In an environment like this, Republican proposals to subsidize private school tuition are likely to be received gratefully by many parents. It’s a perilous situation for Democrats, the party of public schools. If they want to stanch the bleeding, they should treat the rollout of the children’s Covid vaccine as an opportunity to make public schools feel lively and joyful again.

Public schools may finally be open across the country, but in many districts, things are far from normal. In Fairfax County, an unvaccinated student identified as a “close contact” of someone who tests positive for Covid must quarantine for 14 days, no matter the results of the student’s own Covid tests. At some schools, students have been forbidden to talk during lunch. At my own kids’ school, students must be masked even during outdoor recess.

Randi Weingarten, president of the American Federation of Teachers, wants to see outdoor masking ended as a first step toward unwinding other Covid restrictions. “The C.D.C. has been clear that everyone can unmask outside unless they’re in close contact with each other,” she said. “And I believe that schools should be doing this for recess. And I believe we need to give parents and teachers a road map to what it takes to start undoing the mitigations. It was clear that vaccines for teachers helped us reopen schools. Maybe it’s vaccines for kids helping us get to unmasking of teachers and kids in schools.”
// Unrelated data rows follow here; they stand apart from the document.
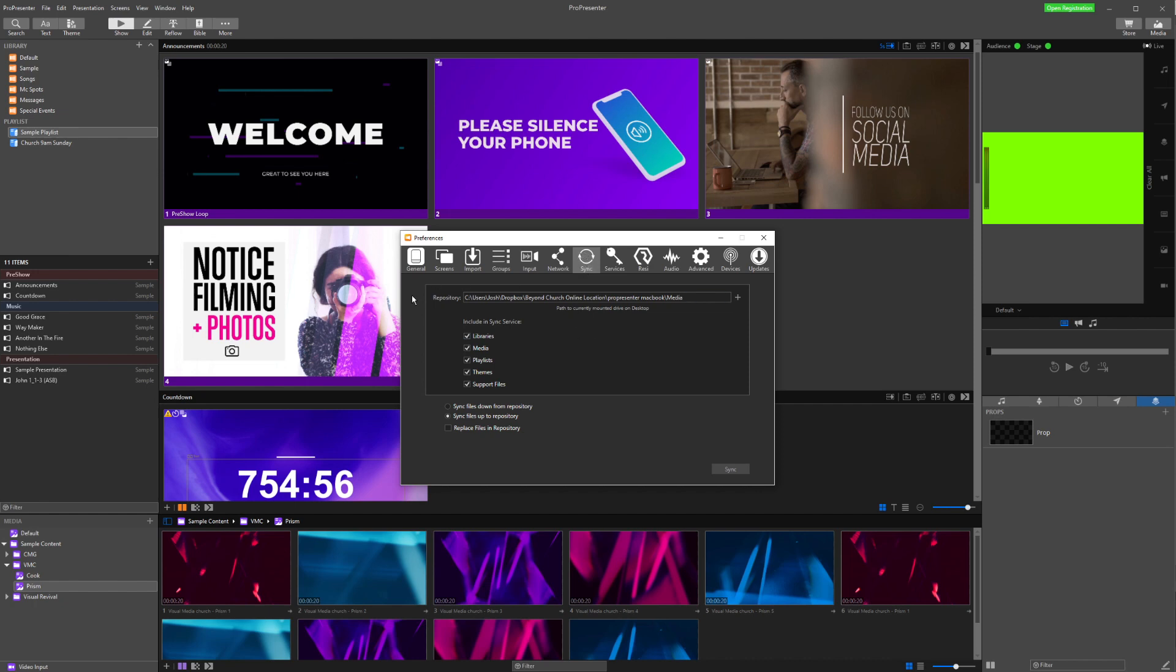What this does is it shows us where our repository is. It shows us what we're going to include in our sync, and it's going to let us choose to sync down from the repository or to sync up to the repository. A repository is where we can send all our files to store them.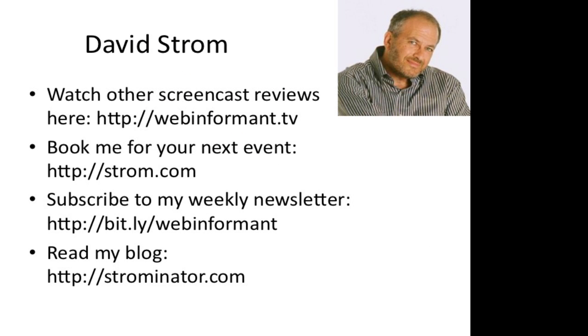This is David Strom. You can check out my other screencasts at webinformant.tv, book me for a speaking engagement, and read my other articles and sign up for my email list at these links here.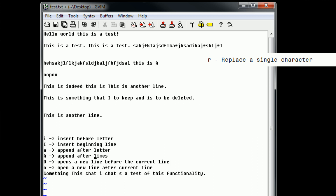We type lowercase R, and then the cursor changes into a strange underscore cursor where we can go ahead and actually replace things. Now that we're in replace mode, we just type T, and it replaces whatever is under our current cursor with whatever we type. Similarly, if we wanted to change a random letter, we press lowercase R and then type the replacement character. This single character replace is very useful when you have spaces — which are also characters — and you want to replace them with dashes or something of that sort. That simple replacement did not take much time with Vim's navigation and replacement commands.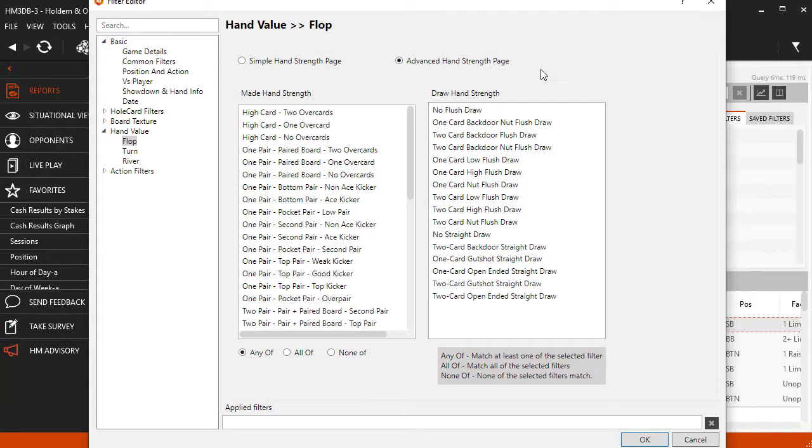Both flush and straight draws are broken down into one and two cards. One card means one card in your hand helps for the draw, and two cards mean both cards help with your draw.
Other post-Covid problems are harder to solve than masks. In Michigan, schools have been forced to close because of staff shortages. “Workers in short-staffed departments are shouldering more work, students have been denied bus rides to get to school, special education students are going without one-to-one aides, classrooms are doubled up and principals are acting as substitutes as pools of candidates dwindle,” reported The Detroit Free Press. This is a complicated problem, but it’s up to the state’s Democratic governor, as well as the Biden administration, to solve it, for their own sake as well as that of their constituents.

Rufo readily admits that school closures prepared the ground for the drive against critical race theory. “You have a multiracial group of parents that felt like the public school bureaucracies were putting their children through a policy regime of chaos, with Covid and shutdowns, and then pumping them full of left-wing racialist ideologies,” he said. He’s right about the first part, even if the second is a fantasy.

Now Democrats have a choice. They can repair the public schools, or watch people like Rufo destroy them.